Matthew Pearl

The novelist recommends three works of mystery and adventure.

 

 

In atmospheric thrillers like The Dante Club and The Poe Shadow, Matthew Pearl thrusts literary and historical icons into tales of white-knuckle suspense. His new novel, The Technologists, takes readers to a gaslit Boston where the budding young scientists of M.I.T.'s first class are faced with an apparently supernatural mystery. Here, he recommends three favorite books that straddle the divide between thought experiment and pulpy pleasure.

 

Books by Matthew Pearl

 


 

The Astounding, the Amazing, and the Unknown

By Paul Malmont

 

"Here science fiction and science converge in, thrillingly, a completely believable way. What a story: the great sci-fi writers of the pulp era (Asimov, Heinlein, etc.) are recruited by the government to devise innovations to help the cause in WWII. With some basis in real events, Malmont's novel impresses me in the way it seamlessly balances history with fiction, and tribute with originality."

 


 

Dust and Shadow

By Lyndsay Faye

 

"Jack the Ripper is such a perennial subject, and Faye finds just the right style and tone to take a fresh approach with Sherlock Holmes chasing down the killer. It is so tempting to apply modern forensics to unsolved past crimes like the Whitechapel murders, but Faye manages to give insight without being anachronistic not only by choosing Holmes but also by doing such a fantastic job of recreating the character and his cutting edge scientific analysis.
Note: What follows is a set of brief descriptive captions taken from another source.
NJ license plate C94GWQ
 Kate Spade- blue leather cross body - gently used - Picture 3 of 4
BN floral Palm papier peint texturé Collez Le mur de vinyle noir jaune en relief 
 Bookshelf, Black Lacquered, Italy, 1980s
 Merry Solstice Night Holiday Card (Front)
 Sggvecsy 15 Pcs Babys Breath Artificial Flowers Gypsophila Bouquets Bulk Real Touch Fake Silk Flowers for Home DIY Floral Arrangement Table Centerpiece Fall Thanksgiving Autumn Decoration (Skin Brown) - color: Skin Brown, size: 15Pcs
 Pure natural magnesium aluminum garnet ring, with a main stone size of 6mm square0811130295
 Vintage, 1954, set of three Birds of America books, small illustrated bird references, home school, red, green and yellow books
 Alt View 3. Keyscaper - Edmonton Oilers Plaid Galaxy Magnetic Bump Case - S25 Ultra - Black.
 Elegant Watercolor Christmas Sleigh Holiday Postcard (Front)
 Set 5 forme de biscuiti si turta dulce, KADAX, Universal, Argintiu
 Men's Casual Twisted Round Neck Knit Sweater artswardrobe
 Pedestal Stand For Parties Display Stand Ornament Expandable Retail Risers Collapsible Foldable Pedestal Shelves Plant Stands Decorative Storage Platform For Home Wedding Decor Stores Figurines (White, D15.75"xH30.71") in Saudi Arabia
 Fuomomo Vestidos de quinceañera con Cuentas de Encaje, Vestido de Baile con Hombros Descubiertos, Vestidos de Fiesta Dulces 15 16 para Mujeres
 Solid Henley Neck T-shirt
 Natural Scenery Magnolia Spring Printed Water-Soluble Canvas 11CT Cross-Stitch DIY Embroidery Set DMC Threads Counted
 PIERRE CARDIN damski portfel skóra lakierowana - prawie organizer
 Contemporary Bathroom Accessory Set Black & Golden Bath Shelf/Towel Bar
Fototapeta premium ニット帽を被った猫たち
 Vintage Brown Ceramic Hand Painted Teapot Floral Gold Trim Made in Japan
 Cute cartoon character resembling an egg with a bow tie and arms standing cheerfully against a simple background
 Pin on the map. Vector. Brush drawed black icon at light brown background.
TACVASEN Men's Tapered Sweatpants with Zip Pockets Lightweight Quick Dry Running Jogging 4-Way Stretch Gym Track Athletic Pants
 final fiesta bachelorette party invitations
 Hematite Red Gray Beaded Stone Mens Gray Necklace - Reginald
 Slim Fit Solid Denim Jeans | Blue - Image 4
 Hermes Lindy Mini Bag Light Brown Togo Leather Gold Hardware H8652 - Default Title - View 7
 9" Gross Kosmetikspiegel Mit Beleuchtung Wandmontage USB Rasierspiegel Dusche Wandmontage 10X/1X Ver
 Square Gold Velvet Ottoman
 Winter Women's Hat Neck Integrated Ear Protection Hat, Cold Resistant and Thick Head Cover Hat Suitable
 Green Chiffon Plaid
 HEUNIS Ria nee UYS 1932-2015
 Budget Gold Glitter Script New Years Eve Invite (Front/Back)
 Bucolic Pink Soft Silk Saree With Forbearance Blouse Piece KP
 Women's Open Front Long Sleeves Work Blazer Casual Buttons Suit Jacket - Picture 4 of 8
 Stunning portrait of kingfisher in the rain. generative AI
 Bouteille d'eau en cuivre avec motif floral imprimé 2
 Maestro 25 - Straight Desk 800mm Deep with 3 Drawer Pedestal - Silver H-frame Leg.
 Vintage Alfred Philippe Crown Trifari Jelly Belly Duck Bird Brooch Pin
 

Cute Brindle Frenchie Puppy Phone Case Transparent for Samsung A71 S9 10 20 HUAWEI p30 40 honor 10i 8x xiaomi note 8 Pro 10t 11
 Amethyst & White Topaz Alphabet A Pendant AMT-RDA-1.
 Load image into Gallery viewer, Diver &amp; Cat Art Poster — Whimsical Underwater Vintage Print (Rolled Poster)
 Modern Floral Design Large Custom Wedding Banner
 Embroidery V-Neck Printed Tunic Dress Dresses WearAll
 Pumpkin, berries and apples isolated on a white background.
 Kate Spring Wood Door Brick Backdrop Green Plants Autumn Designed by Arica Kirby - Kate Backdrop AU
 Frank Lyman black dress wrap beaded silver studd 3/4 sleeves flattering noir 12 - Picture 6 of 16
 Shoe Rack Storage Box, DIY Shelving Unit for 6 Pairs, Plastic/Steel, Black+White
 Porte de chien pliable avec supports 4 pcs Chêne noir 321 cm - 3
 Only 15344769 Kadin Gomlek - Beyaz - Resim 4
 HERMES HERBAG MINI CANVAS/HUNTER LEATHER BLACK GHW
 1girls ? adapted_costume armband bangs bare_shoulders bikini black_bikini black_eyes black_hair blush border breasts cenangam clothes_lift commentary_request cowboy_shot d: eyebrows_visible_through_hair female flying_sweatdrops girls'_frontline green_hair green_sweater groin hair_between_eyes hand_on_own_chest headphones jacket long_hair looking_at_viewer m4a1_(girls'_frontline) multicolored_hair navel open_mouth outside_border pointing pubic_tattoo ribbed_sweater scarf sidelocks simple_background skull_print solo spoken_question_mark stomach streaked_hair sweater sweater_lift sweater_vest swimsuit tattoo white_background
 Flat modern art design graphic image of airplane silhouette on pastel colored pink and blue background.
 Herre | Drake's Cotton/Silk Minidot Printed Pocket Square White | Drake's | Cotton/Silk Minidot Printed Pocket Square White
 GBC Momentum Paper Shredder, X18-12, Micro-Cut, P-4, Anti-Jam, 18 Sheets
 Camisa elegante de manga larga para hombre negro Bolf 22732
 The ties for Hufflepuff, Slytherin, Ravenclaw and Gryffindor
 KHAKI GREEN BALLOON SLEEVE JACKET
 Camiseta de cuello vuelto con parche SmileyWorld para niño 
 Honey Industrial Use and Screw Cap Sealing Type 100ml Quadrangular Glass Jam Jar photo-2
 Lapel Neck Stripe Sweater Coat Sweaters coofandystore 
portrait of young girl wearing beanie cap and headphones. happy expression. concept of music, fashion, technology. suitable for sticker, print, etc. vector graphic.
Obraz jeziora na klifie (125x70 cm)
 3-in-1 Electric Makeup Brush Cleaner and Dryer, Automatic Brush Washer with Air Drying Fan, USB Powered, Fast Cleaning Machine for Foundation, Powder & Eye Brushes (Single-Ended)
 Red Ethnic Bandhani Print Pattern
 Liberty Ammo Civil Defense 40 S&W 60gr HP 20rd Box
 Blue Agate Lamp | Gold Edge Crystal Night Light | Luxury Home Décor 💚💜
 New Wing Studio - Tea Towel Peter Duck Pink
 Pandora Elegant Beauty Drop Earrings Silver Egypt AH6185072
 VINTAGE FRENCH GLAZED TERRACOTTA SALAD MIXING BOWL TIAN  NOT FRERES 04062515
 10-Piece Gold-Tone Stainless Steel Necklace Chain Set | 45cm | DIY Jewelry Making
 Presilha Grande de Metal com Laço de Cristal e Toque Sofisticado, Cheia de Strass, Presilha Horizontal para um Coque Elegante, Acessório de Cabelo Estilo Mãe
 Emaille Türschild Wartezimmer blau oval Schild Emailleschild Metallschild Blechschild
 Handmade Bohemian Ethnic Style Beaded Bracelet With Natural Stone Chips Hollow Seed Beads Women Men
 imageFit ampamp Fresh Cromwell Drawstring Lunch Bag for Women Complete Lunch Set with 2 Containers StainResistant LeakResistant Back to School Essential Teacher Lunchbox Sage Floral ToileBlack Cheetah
Faye will make you believe this is how it happened."

 


 

The Strange Case of Dr. Jekyll and Mr. Hyde

By Robert Lewis Stevenson

 

"Stevenson's short classic is a bit of a victim of its own success. Like Mary Shelley's Frankenstein, there are so many pop culture adaptations and re-imaginings that the actual accomplishment of the original can get lost. Also like Frankenstein, the science itself is hazy yet perhaps more believable to readers today than to those who read contemporaneously. Perhaps most interesting is the portrayal of Jekyll and what it says about early perceptions of science and scientific experimentation. You will read this in one or two days but will think about it for a long time."